True, the sensors also have external pull ups. However, the sensor has a regulator to go from 5 to 3.3V. So, the sensor can be powered by 5 volts or 3.3 volts. It has pull-ups on both voltages. According to their description, the I2C SCL/SDA pins are level-shifted allowing for 3-5 volt logic. I think this level shifting is done with the BSS138 MOSFETs. With this, it should be fine to use 5-volt logic or 3.3-volt logic, but it didn't take into account my added on pull-ups. That's what concerns me.
Ok. So, let me try and rephrase. The Portenta is running at 3.3-V logic. The description on Adafruit's page is as follows:
I2C Pins
SCL - I2C clock pin, connect to your microcontrollers I2C clock line. This pin is level shifted so you can use 3-5V logic, and there's a 10K pullup on this pin.
SDA - I2C data pin, connect to your microcontrollers I2C data line. This pin is level shifted so you can use 3-5V logic, and there's a 10K pullup on this pin.
With the on-board level shifter, it should be fine to POWER the module from 3.3 volts or 5 volts, correct? If that's all, it's just a matter of removing R1-R4.
You can not supply 3.3V to a 3.3V regulator. There has to be some voltage differential. The result of doing that, would be a reduced output voltage, like say 2.5-3.0V. The only way to power the module from 3.3V is via the 3.3V pin that is provided. But if you only do that, it's not enough because it won't allow the level shifter MOSFETs to do their job. That is why I told you to strap the 3.3V and 5V pin on the module. If you just left 5V disconnected, the resistors would be in a strange configuration that might not play well with I2C..
It doesn't happen often, but in this case Adafruit documentation is absolutely incorrect (or, to be more generous - incomplete).
The regulator is bypassed when supplying 3.3 volts externally. If powering with 3.3V, you wouldn't be supplying 3.3V to the regulator. On the schematic, VIN is +5 volts while VDD is +3.3 volts. If +5 volts isn't supplied, the 3.3V regulator is off. So, when supplying 3.3V to the module via the correct pin, you bypass the regulator.
Okay, for the first time you are acknowledging that you have to power the module from 3.3V. But there is more you need to do, which I already outlined above.

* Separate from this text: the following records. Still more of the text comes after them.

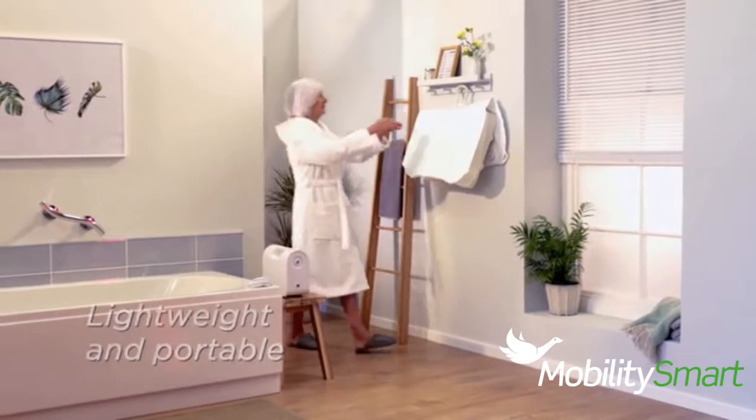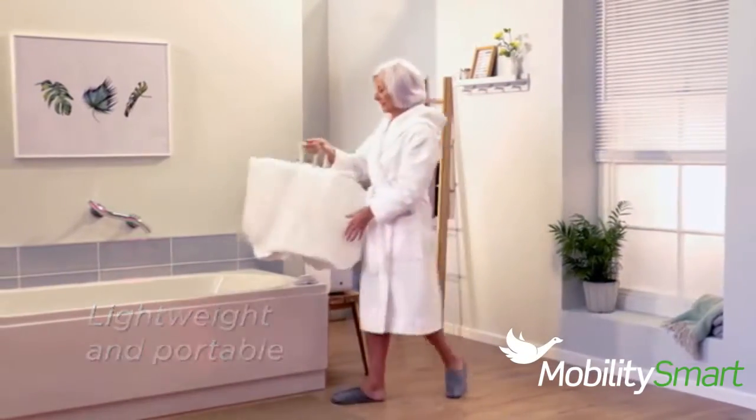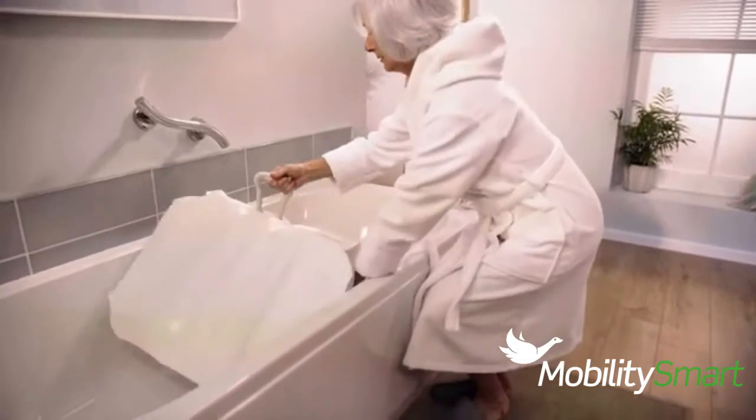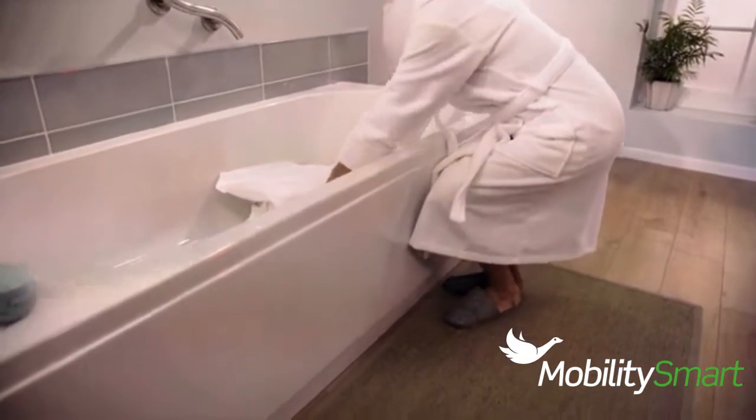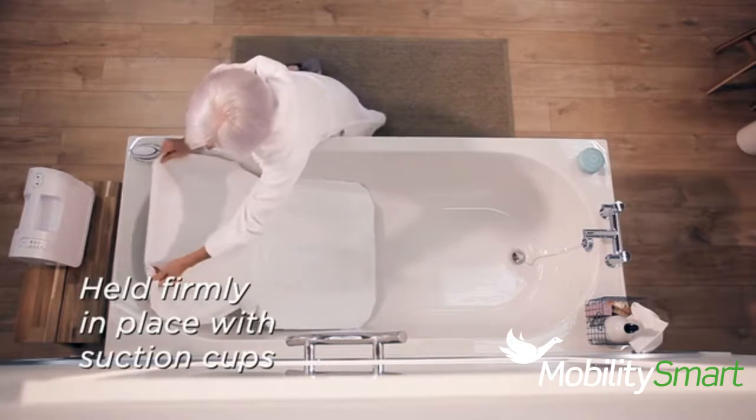The Bath Lift helps you get in and out of the bath independently in your own home. It's portable, lightweight and folds flat, so it can be easily stored away. The Bath Lift can be used with all standard baths, so there's no need for bathroom alterations.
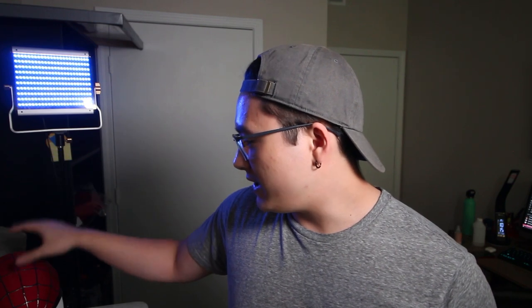But yeah guys, that's it — just a quick update on everything that's happening with this cosplay so far. Make sure to subscribe and turn on notifications so you know when the other videos of this project will be out. Until then, I will see you guys in the next video.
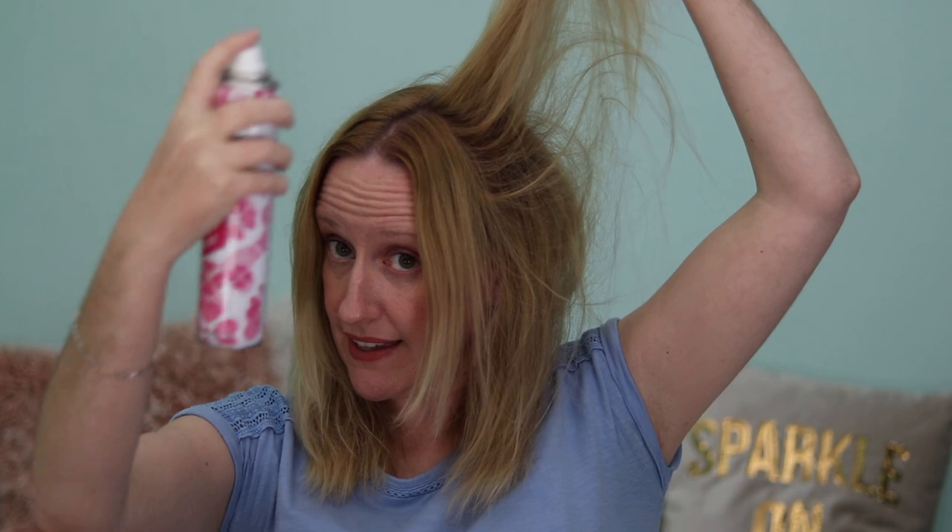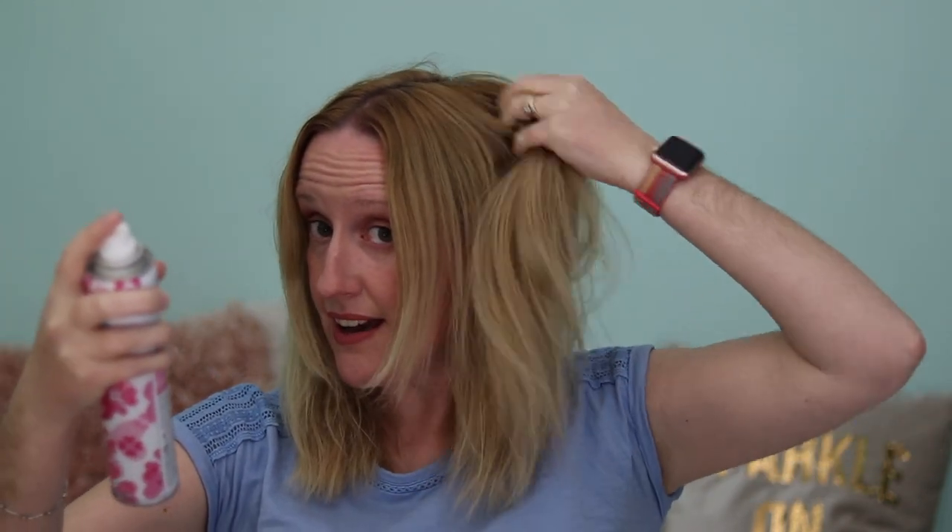I usually use this on my second day, or if I can get away with it, my third day without washing my hair. As I get older I'm noticing my hair is getting drier and not as oily as it used to be. What I do is shake the can, section my hair off, put the section up, and spray the roots. Then I go further back, do exactly the same, and carry on all the way throughout my hair.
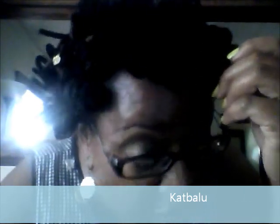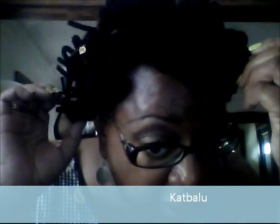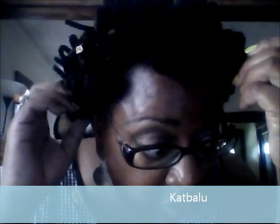So you can see — and this is not the best camera — but you can see basically how they look in my hair. I had my entire hair rolled up and I did it last night about 7-ish. I watched Jessica Lee's video to do it because she had a real nice step-by-step video on how she did hers.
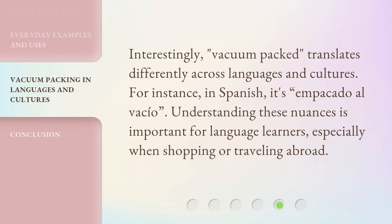Interestingly, vacuum-packed translates differently across languages and cultures. For instance, in Spanish it's 'empacado al vacío.' Understanding these nuances is important for language learners, especially when shopping or traveling abroad.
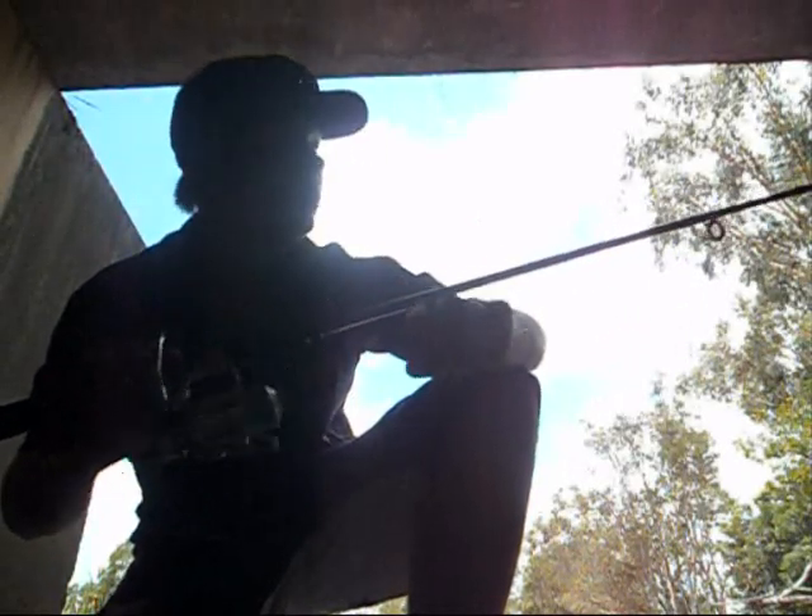I'm fishing down the creek here again, I'm just going to show you the setup that I use. Light combo, it's got a little spinning reel on it, 6lb line, fairly light rod.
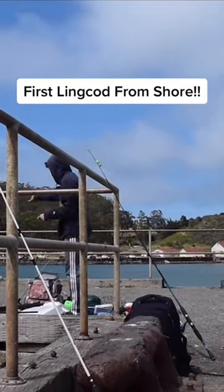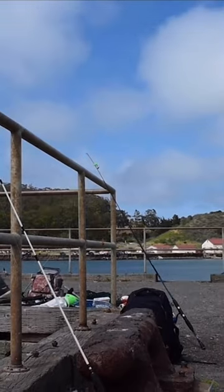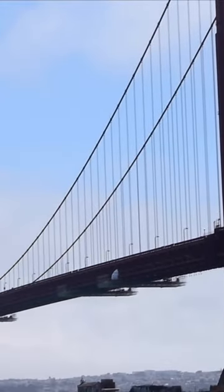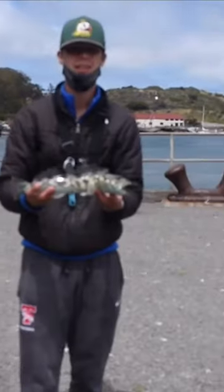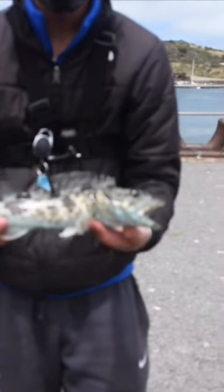First, lingcod from shore. This is a lingcod. This one is a little bit too small to keep, but still a really cool fish. We caught it on a live smelt.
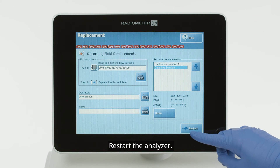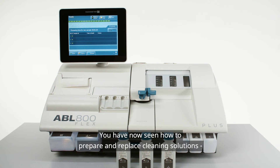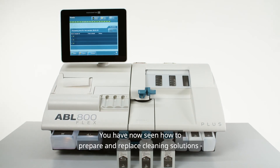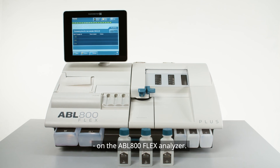Restart the analyzer. You have now seen how to prepare and replace cleaning solutions on the ABL 800 analyzer.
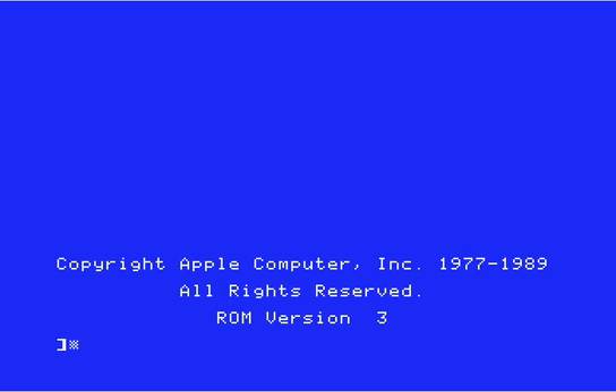Hey folks, in case my boundless enthusiasm for the Apple IIgs has not gotten tiresome by now, today I'm here to show you a very, very special treat — one of the most awesome programs that you could ever possibly conceive of. Obviously that's a subjective statement and I'm sure I'll get very excited about it and other people will not care, but that's life, right?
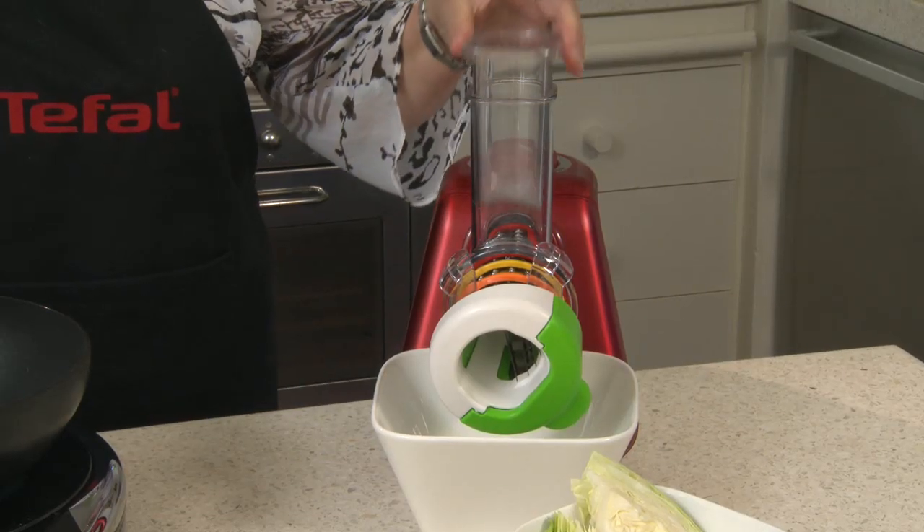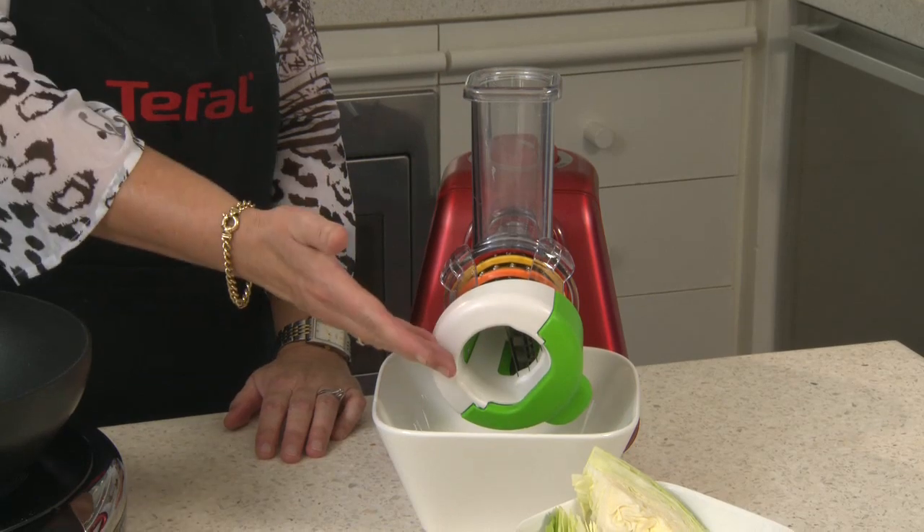The Fresh Express Max features a wide feeding spout to quickly feed food into the machine and a large output shoot that feeds directly into your bowl. With 260 watts of power, you can produce up to 2 kilos of food a minute.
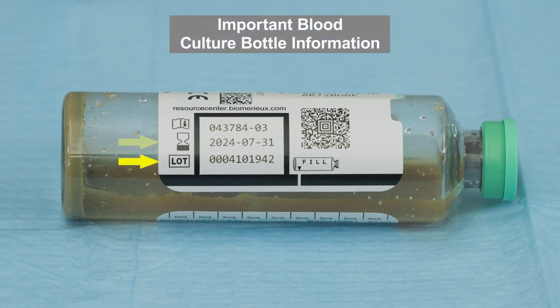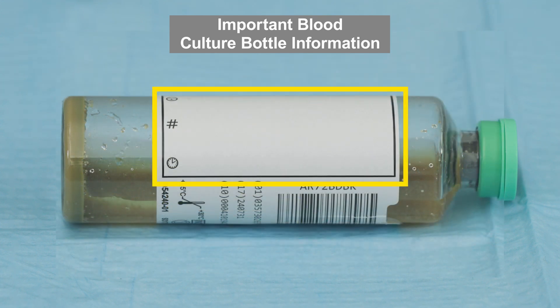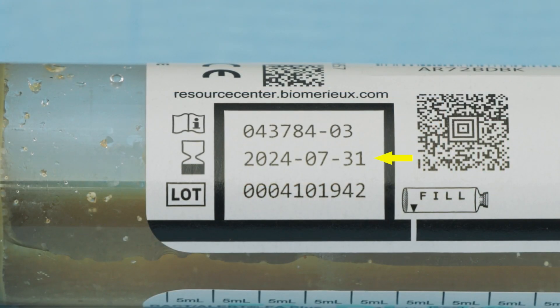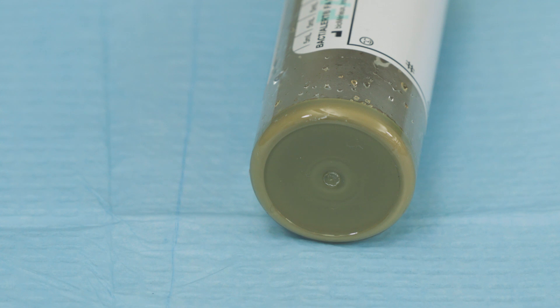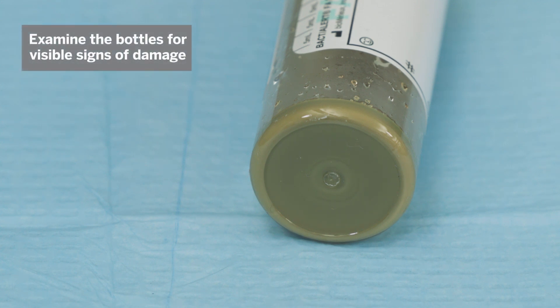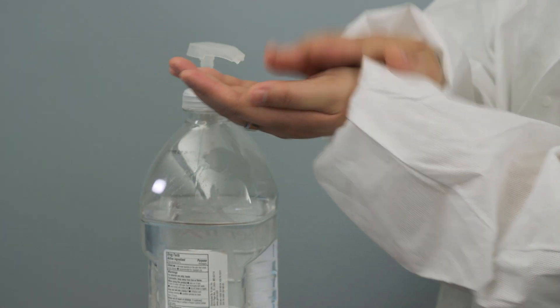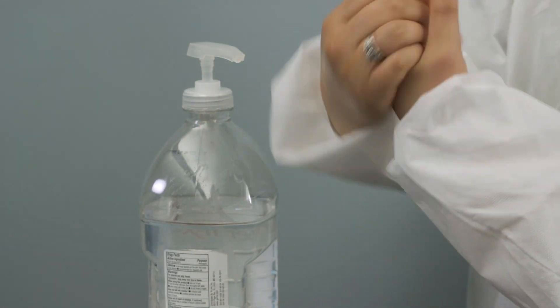Gather all necessary materials. Check the bottle lot number, expiration date, fill-to mark, barcode, black box window for checking the level of blood, and the area to add patient information and test label. Check that the culture bottles are within the expiration date. Do not use a bottle containing media displaying turbidity, a yellow sensor, or any other visible defects. Do not use bottles that show signs of damage, deterioration, or leakage.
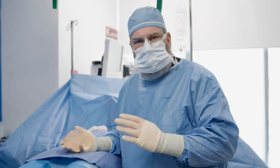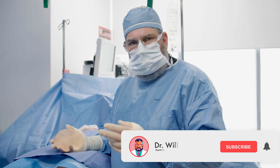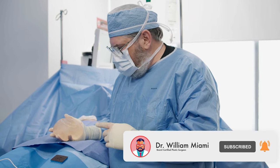I'm performing a breast surgery here where I'm exchanging implants and doing a capsulectomy, meaning there's a capsule around the implant that gets hard and distorts the breast. I've just removed these implants.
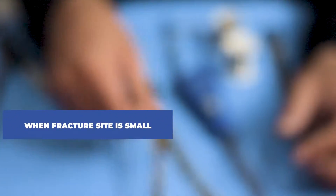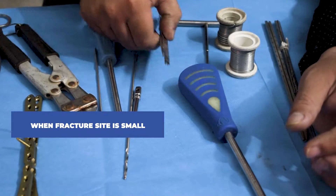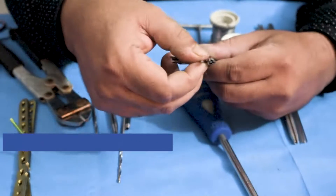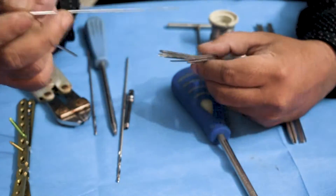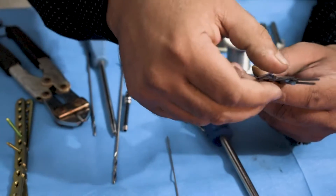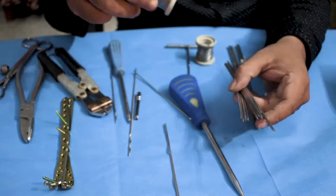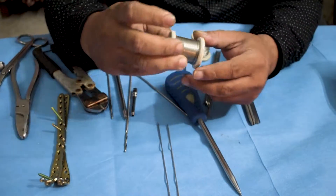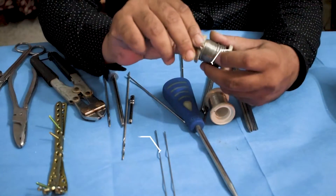At times when the fracture site is small and cannot be fixed by a plate, a K-wire is used for fixation of the fracture. The K-wire is used to hold the two fragments of the fracture together.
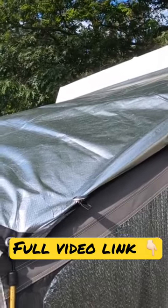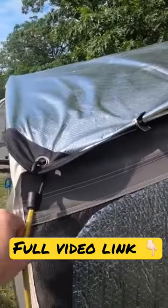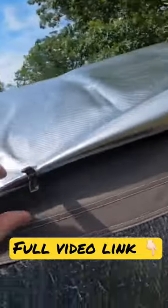It helps insulate, reflects the sun away, and keeps the heat in during the winter. I attach it with bungee cords on both sides and also bungees at the top, and then I use these three alligator clips down the side.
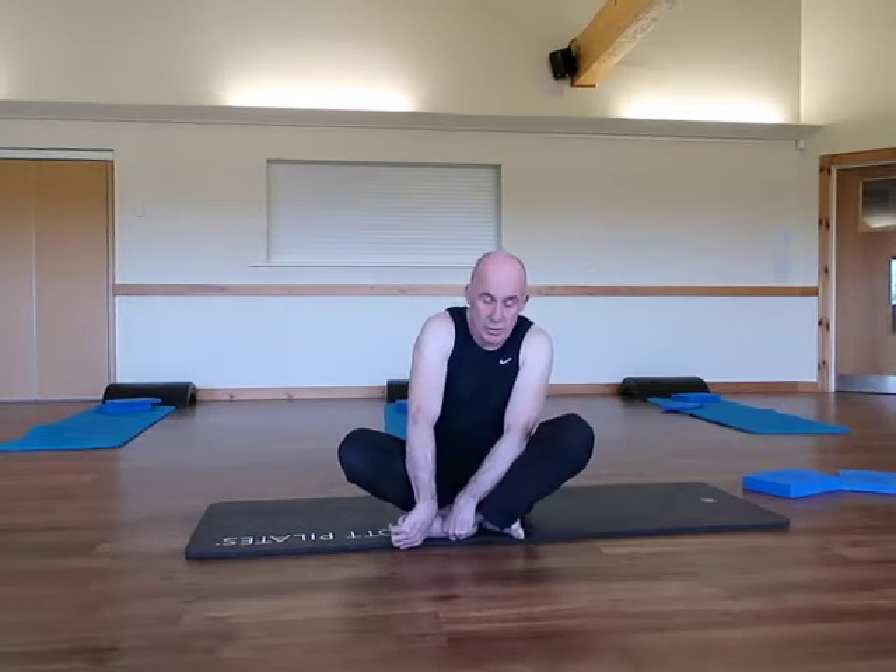So that's the very basics of a single leg shoulder bridge. As I mentioned earlier, if you want to find out more information, please feel free to have a look at my blog, and this will also be appearing on YouTube if you want to have an even briefer glimpse.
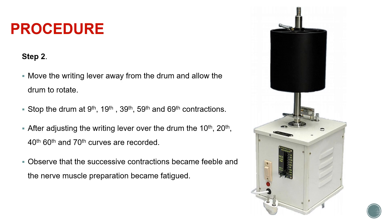Now coming to the procedure, we are moving the writing lever away from the drum and allowing the drum to rotate. We are giving the stimulus and the muscle is contracting, but the writing lever is not touching the drum, so we are not recording all the contractions. By the time we have finished the ninth contraction, we stop the drum.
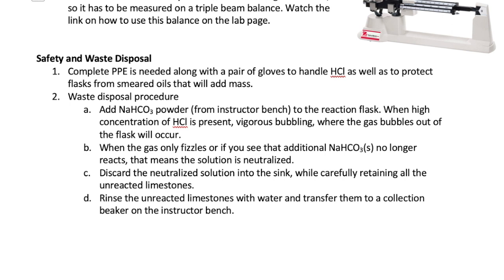Lastly, I want to briefly go over waste disposal and safety procedures. You will use all your PPE and gloves. To dispose of your waste, add solid sodium bicarbonate, or baking soda, to your reaction flask. This will result in violent bubbling and foaming. Swirl the flask to make sure all the bicarbonate is used up, then add some more. Stop adding when there's no more vigorous bubbling but you only see slight fizzing. Also stop adding if you see that the solid sodium bicarbonate just accumulates in the flask instead of reacting with the HCl. At that point, carefully pour out all the aqueous waste down the sink, but retain all the limestones. Rinse the limestones carefully with water and then put them back in a beaker labeled 'used limestones' on the instructor bench.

The SCL/SDA lines coming from the module are connected to 5V on the module via pull up resistors. If that is not connected to anything, what you get is a series combination of R2,R4 = 20k ohms right between SCL and SDA. I don't know about you, but that makes me feel uncomfortable. It means that if one is pulled low, the other can also be pulled partly low. Also possibly backfeed current through the regulator. Not good.
VIN and Vdd are adjacent on the module connector so it's a simple wire jumper to connect them. Providing 3.3V to both, you would have to solve however you like. I would cut the 5V trace coming from the Portenta, and jumper between that and the Portenta's 3.3V pin which is two pins down the row. That way you can still retain the bypass caps you have in there.
You are really not getting the picture. Go look closely at the module schematic. R2 and R4 are connected between 5V and SCL/SDA.